Like all York Brewery pubs, the Rook and Gaskill has a thing about people being strung up on a rope.
While the Three Legged Mare describes in great detail the scaffold on which the city's unworthy were executed, the Rook and Gaskill is named after the last two men to be hanged in the city.
Rook and Gaskill met their fate for stealing 14 sheep and, judging by the interior, messieurs R and G were probably still alive to see the birth of this pub. It's a wholesome place, plain and very no nonsense.
One thing is certain: with a wide choice of cask ales and imported produce from around the globe, the pub is a drinker's paradise.
But what's the food like? On the night we visited, the menu was limited.
The choice was reduced to Harvest Vegetable Pie or Chicken Kebab. The pub staple - the steak sandwich - was sold out.
Three items is hardly variety but this was a blip. There is usually plenty more to choose from. I went for the pie (£3.10) while Matt took up the challenge of the kebab (£3.50).
With the Rose and Crown's legendary portions only metres across the road, the Rook and Gaskill was always going to have a hard job competing.
But as the piping hot plates were delivered, I found myself surprised at the ample size of both meals.
While they still can't compare with the Crown's country-sized plates, the Rook and Gaskill has nothing to be ashamed of.
The kebab, skewered and served with a mountain of chips and vegetables, was the undoubted highlight of the fare on offer.
My only previous experience of kebabs has been of the 'on-the-spit for two weeks' variety served up in the average city centre van.
So it was an eye-opener to finally see, and taste, how they should be done. The chicken was well-cooked, yet tender, and was coated in Mediterranean spices.
The chips were superb. Light, crispy and fluffy, someone had spent some time cooking these. It was a refreshing change.
Meanwhile, the Harvest Vegetable Pie came in its own dish, with a side salad. Topped with potatoes and with a cheese sauce, it was packed with carrots, beans, cauliflower, broccoli and leeks.Like the kebab, the pie is a fair size.
The cheese sauce gave it a rich quality, but was not overbearing. The vegetables had a firm, almost crispy texture, and were full of flavour.

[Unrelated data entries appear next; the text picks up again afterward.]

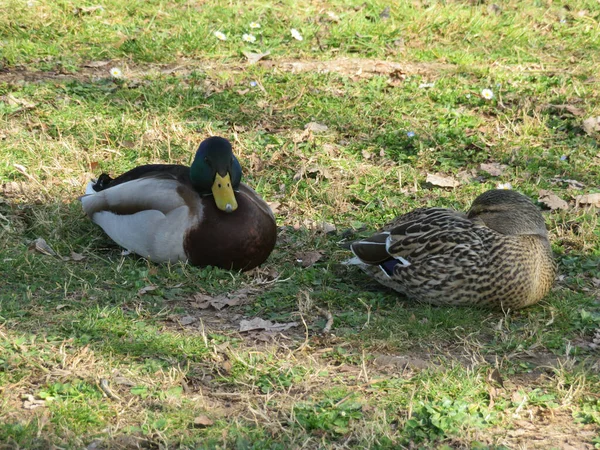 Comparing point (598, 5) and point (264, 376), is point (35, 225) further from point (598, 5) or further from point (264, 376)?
point (598, 5)

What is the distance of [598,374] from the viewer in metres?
3.94

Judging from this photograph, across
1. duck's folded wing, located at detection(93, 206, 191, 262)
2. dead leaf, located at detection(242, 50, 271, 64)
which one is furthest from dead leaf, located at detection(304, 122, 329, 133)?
duck's folded wing, located at detection(93, 206, 191, 262)

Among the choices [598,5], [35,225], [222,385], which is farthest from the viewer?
[598,5]

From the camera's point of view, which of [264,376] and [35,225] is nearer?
[264,376]

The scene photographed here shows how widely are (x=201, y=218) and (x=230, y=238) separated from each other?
0.20 m

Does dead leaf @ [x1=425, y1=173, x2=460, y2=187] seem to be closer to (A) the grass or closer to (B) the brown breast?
(A) the grass

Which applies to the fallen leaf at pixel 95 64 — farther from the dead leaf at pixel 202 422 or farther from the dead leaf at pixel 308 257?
the dead leaf at pixel 202 422

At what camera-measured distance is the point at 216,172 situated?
5.00m

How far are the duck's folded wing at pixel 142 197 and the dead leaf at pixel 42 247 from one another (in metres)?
0.35

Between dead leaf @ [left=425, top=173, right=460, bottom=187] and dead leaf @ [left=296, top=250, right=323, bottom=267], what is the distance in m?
1.18

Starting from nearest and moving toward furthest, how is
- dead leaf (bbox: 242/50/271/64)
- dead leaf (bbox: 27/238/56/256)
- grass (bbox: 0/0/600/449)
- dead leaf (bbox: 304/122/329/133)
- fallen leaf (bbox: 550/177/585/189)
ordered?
grass (bbox: 0/0/600/449), dead leaf (bbox: 27/238/56/256), fallen leaf (bbox: 550/177/585/189), dead leaf (bbox: 304/122/329/133), dead leaf (bbox: 242/50/271/64)

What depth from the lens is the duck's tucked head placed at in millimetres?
4656

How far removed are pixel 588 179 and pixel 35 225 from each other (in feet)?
12.0

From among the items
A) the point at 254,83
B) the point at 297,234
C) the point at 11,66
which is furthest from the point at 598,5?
the point at 11,66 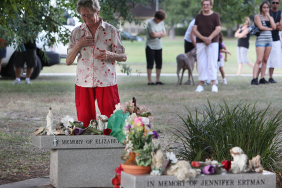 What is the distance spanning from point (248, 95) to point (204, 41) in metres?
1.57

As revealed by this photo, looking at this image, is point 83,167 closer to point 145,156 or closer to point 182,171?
point 145,156

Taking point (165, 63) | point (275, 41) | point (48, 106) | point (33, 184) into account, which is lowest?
point (33, 184)

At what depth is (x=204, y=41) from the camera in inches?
398

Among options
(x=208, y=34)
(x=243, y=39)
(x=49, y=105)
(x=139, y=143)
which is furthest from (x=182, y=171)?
(x=243, y=39)

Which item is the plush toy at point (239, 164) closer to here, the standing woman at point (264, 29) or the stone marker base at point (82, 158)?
the stone marker base at point (82, 158)

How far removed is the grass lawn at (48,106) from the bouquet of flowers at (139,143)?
1601mm

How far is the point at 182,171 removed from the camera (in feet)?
9.77

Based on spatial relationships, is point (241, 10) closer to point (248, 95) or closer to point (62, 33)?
point (248, 95)

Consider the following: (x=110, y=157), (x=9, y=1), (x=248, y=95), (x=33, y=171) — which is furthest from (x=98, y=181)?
(x=248, y=95)

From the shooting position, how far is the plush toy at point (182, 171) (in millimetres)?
2977

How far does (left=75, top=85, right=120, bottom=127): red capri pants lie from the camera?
14.5 feet

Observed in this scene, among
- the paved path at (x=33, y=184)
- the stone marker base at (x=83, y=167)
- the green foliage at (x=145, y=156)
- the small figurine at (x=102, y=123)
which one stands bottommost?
the paved path at (x=33, y=184)

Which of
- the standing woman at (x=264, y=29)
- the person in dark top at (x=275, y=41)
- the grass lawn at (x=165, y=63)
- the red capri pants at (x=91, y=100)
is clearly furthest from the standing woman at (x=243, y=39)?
the red capri pants at (x=91, y=100)

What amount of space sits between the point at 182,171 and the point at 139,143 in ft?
1.18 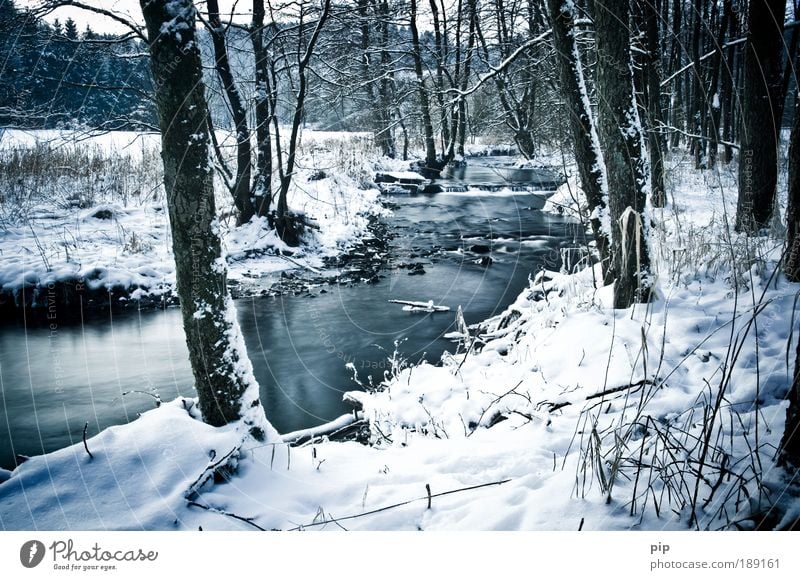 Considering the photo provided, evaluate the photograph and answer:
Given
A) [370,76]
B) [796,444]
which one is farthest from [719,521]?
[370,76]

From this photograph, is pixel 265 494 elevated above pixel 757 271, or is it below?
below

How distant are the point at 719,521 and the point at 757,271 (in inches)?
87.7

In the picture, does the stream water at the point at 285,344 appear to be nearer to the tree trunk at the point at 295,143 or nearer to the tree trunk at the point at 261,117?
the tree trunk at the point at 295,143

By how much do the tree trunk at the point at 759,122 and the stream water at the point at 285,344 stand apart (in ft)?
9.38

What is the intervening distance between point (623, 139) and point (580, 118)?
1.78ft

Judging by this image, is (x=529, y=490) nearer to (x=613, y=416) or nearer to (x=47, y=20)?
(x=613, y=416)

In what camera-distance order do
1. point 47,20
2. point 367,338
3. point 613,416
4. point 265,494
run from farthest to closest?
point 367,338
point 47,20
point 613,416
point 265,494

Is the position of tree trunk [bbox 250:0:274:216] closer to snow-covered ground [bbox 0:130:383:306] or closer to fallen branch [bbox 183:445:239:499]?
snow-covered ground [bbox 0:130:383:306]

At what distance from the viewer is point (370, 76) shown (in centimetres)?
485

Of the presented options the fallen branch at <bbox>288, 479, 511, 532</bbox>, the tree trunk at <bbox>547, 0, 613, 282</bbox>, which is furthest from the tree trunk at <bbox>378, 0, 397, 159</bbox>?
the fallen branch at <bbox>288, 479, 511, 532</bbox>

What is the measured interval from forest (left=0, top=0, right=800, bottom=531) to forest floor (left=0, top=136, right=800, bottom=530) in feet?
0.05

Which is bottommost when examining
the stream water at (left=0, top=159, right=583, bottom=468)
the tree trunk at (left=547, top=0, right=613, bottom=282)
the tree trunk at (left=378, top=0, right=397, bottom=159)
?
the stream water at (left=0, top=159, right=583, bottom=468)

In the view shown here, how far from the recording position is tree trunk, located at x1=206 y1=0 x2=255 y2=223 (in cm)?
494

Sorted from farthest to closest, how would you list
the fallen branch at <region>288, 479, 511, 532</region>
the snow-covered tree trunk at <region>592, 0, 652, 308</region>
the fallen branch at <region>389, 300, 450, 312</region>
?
the fallen branch at <region>389, 300, 450, 312</region> < the snow-covered tree trunk at <region>592, 0, 652, 308</region> < the fallen branch at <region>288, 479, 511, 532</region>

The salad, a mix of lettuce, onion, tomatoes and cucumber, was standard pub-style but pleasant enough.
To the important part - the beer. Matt stuck away a swift pint of Terrier (£2), a York Brewery favourite. It's dark quality, yet smooth taste has made it a popular choice at Brewery bars.
Rather ridiculously, given that I was drinking in a real ale pub, I am not a big fan of ales and beers.

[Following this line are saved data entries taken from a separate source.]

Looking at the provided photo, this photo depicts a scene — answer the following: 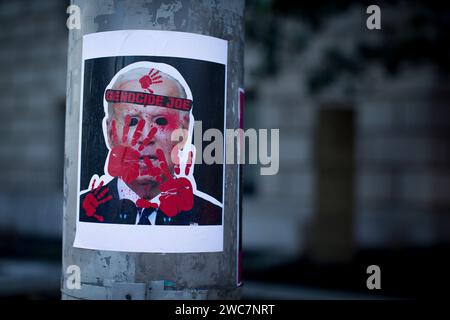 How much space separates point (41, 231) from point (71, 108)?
13.2 metres

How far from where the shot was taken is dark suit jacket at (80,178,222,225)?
2.99m

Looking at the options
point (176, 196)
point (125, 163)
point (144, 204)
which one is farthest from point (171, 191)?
point (125, 163)

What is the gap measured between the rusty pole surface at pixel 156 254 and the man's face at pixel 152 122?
275 millimetres

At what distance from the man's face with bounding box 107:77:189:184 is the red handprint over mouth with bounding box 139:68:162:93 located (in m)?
Result: 0.02

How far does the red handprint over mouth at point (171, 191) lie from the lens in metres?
3.00

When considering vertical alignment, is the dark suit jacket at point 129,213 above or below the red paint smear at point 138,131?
below

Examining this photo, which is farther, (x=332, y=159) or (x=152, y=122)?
(x=332, y=159)

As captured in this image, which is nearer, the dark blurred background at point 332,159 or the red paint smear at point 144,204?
the red paint smear at point 144,204

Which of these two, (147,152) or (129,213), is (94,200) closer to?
(129,213)

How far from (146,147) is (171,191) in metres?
0.24

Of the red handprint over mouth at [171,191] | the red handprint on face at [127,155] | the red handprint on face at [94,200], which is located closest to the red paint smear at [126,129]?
the red handprint on face at [127,155]

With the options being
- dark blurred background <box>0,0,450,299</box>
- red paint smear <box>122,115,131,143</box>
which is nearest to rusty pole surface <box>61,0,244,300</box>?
red paint smear <box>122,115,131,143</box>

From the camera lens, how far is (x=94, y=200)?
10.0 ft

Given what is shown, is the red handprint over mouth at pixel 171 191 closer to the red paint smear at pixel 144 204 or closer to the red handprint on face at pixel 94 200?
the red paint smear at pixel 144 204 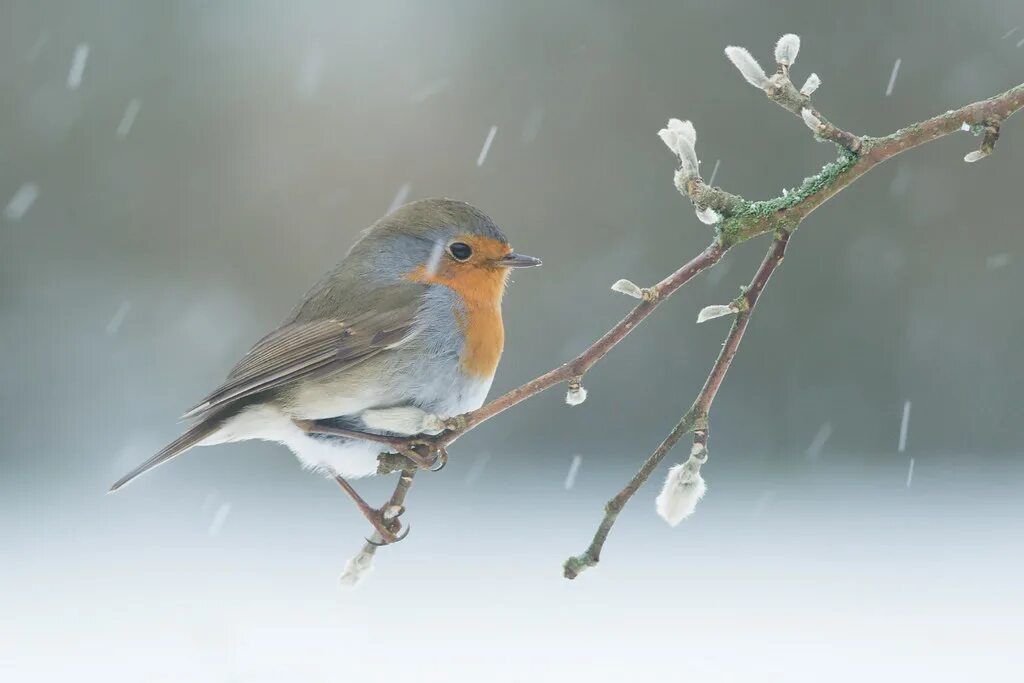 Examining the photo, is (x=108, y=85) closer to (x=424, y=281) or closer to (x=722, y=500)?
(x=722, y=500)

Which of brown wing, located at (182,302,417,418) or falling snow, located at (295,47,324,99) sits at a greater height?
falling snow, located at (295,47,324,99)

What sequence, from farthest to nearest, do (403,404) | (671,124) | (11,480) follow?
(11,480) < (403,404) < (671,124)

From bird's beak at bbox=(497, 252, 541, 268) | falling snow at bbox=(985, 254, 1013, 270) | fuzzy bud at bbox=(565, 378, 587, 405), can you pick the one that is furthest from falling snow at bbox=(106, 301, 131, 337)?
fuzzy bud at bbox=(565, 378, 587, 405)

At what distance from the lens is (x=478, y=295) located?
2.19 metres

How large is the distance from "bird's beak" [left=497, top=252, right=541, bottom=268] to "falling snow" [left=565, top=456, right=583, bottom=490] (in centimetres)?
319

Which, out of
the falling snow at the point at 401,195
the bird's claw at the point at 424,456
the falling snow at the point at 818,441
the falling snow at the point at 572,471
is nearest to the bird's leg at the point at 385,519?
the bird's claw at the point at 424,456

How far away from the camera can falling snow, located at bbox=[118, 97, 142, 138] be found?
6.21 metres

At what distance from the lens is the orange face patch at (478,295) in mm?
2135

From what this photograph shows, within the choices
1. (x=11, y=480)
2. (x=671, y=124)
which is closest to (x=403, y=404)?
(x=671, y=124)

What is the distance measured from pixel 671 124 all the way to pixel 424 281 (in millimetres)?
965

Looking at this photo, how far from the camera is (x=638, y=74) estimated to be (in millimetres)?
6031

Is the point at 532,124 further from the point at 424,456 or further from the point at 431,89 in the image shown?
the point at 424,456

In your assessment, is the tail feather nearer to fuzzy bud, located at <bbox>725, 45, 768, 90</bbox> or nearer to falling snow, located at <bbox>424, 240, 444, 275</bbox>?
falling snow, located at <bbox>424, 240, 444, 275</bbox>

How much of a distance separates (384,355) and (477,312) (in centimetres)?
22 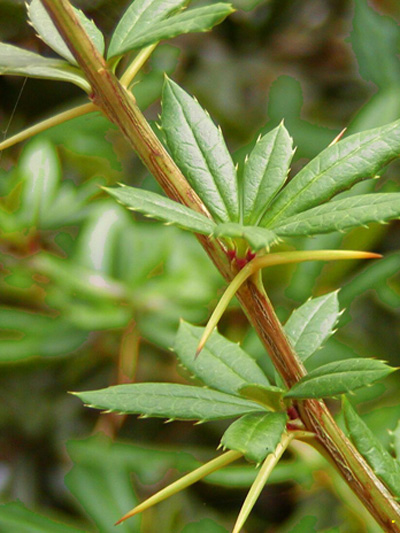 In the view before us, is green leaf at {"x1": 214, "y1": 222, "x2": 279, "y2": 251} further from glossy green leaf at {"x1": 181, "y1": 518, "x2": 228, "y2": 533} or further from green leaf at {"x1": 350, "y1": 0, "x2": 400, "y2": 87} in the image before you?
green leaf at {"x1": 350, "y1": 0, "x2": 400, "y2": 87}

But for those of us who prefer the more continental beverage, fear not, there is still plenty of choice.
I went for the Mexican lager, Corona, at a reasonable £2.50 a bottle. It's fresh, it's crisp and it's imported. Need I say more?

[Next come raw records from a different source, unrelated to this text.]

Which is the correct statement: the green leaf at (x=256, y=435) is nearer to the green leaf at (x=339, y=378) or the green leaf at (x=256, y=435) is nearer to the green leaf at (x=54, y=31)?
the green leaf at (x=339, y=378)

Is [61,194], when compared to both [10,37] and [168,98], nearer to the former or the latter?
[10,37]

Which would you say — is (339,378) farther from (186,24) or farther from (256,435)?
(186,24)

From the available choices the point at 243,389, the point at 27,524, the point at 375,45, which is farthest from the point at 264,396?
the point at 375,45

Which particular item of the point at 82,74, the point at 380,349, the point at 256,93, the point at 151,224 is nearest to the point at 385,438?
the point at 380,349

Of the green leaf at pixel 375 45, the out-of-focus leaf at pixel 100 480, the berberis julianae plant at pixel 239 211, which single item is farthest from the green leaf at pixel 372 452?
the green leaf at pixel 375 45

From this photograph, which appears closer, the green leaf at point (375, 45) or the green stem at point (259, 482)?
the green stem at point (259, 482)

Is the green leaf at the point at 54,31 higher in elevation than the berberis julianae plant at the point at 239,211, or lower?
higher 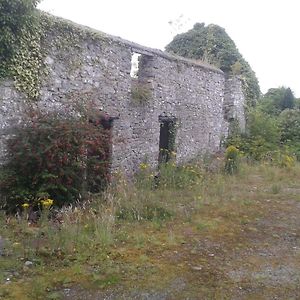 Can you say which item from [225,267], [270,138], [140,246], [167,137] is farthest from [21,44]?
[270,138]

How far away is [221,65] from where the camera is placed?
2023 cm

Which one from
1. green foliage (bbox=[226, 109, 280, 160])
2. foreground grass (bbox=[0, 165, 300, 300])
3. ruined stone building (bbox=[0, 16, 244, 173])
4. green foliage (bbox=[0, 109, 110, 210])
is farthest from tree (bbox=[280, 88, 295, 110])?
green foliage (bbox=[0, 109, 110, 210])

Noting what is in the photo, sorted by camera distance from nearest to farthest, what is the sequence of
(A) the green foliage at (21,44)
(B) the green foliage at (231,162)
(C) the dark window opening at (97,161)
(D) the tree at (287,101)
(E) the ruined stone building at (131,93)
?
(A) the green foliage at (21,44) < (C) the dark window opening at (97,161) < (E) the ruined stone building at (131,93) < (B) the green foliage at (231,162) < (D) the tree at (287,101)

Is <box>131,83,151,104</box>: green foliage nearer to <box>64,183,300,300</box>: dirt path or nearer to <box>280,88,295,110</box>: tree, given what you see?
<box>64,183,300,300</box>: dirt path

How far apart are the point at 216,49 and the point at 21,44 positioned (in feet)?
49.6

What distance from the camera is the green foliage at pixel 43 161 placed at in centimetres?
687

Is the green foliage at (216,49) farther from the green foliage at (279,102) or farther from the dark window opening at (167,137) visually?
the dark window opening at (167,137)

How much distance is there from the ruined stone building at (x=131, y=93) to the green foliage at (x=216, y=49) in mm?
4699

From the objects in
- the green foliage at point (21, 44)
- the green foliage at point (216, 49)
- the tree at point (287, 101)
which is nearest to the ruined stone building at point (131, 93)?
the green foliage at point (21, 44)

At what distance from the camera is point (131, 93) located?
33.7ft

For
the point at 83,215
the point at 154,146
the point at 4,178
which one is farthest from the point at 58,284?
the point at 154,146

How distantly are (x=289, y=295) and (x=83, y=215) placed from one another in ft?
12.1

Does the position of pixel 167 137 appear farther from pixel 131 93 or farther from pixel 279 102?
pixel 279 102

On the whole, there are more positives and negatives to a meal at the Rook&Gaskill and at just over £13, it wasn't too hard on the pocket.
Those who like their pubs to be on the frisky side should eat somewhere else. Those who don't like to talk should do the same.
But anyone who likes good food and good beer could do a lot worse.
The Rook and Gaskill Inn, Lawrence Street, York. Tel 01904 628488.